Lamine N'dao

Personal information
- Full name: Mohamed Lamine N'dao
- Date of birth: 9 February 1993 (age 33)
- Place of birth: Divo, Ivory Coast
- Height: 1.90 m (6 ft 3 in)
- Position: Midfielder

Team information
- Current team: Abha
- Number: 6

Senior career*
- Years: Team / Apps / (Gls)
- 2012–2014: Doxa Katokopias / 7 / (0)
- 2012–2013: → Olympiakos Nicosia (loan) / 10 / (0)
- 2014–2015: Kokumbo
- 2015–2016: Evian B / 8 / (0)
- 2015–2016: Evian / 2 / (0)
- 2017–2019: Africa Sports
- 2017–2019: ASEC Mimosas
- 2019–2020: Lokeren / 4 / (0)
- 2020–2021: Sporting da Covilhã / 25 / (0)
- 2021–2022: Arar
- 2022–2024: Stade Tunisien / 37 / (1)
- 2024–: Abha / 0 / (0)

= Lamine N'dao =

Ivorian footballer

Mohamed Lamine N'dao (born 9 February 1993) is an Ivorian footballer who plays for Abha in Saudi Arabia.

==Club career==
On 24 July 2019, N'dao joined Belgian club Lokeren.
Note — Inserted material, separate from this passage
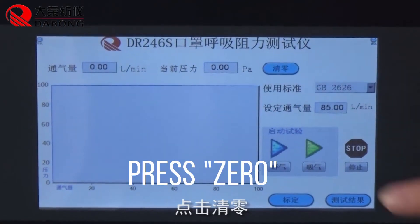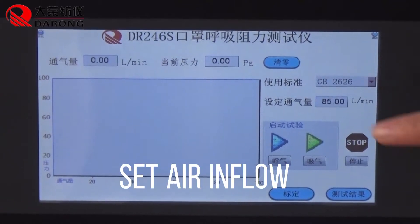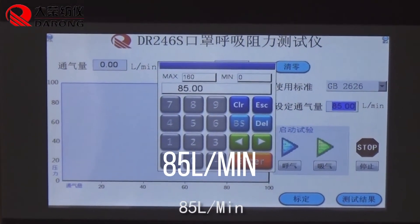Press zero to calibrate. Then set the air inflow to 85 liters per minute.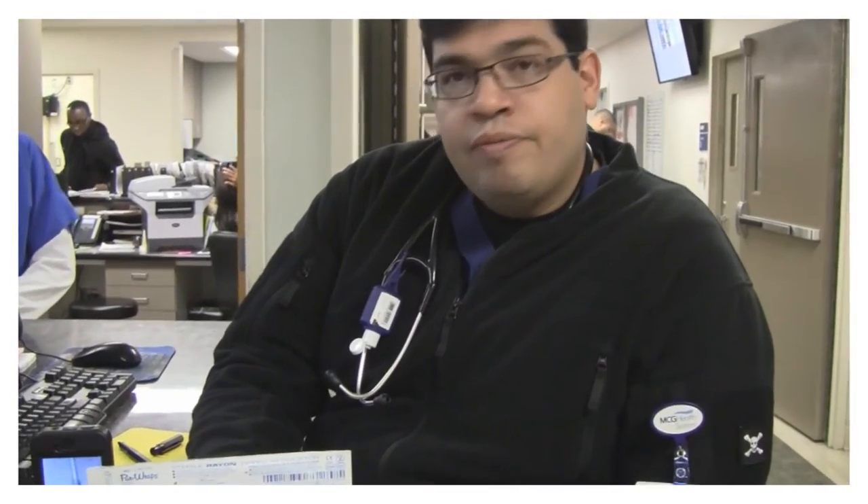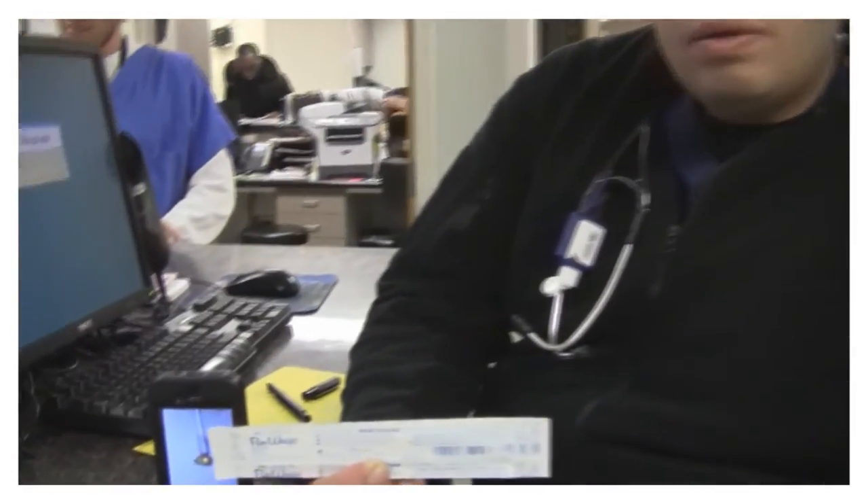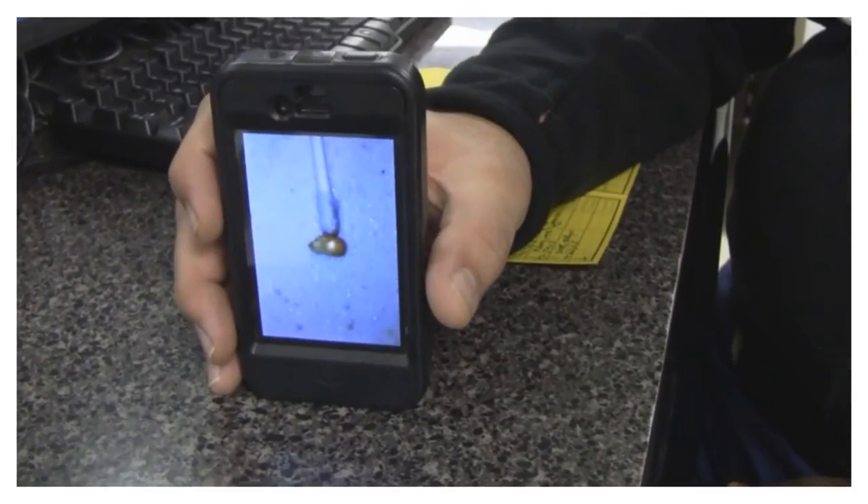Once I held it for a few minutes and felt that it might be adhered, I just pulled it out and out came the kernel. So in summary, the tricks here would be to use the rayon swab — we demonstrated that with actual cotton swabs it didn't stick very well. Then you let it gel on the tip of the rayon swab, put it in there, held it, and were successful.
N'dao played the first four games before he at the end of August 2019 returned to Ivory Coast to support his father, who was mortally ill. His father was later announced dead on 21 September 2019. A few hours later, it was announced that his mother also had died.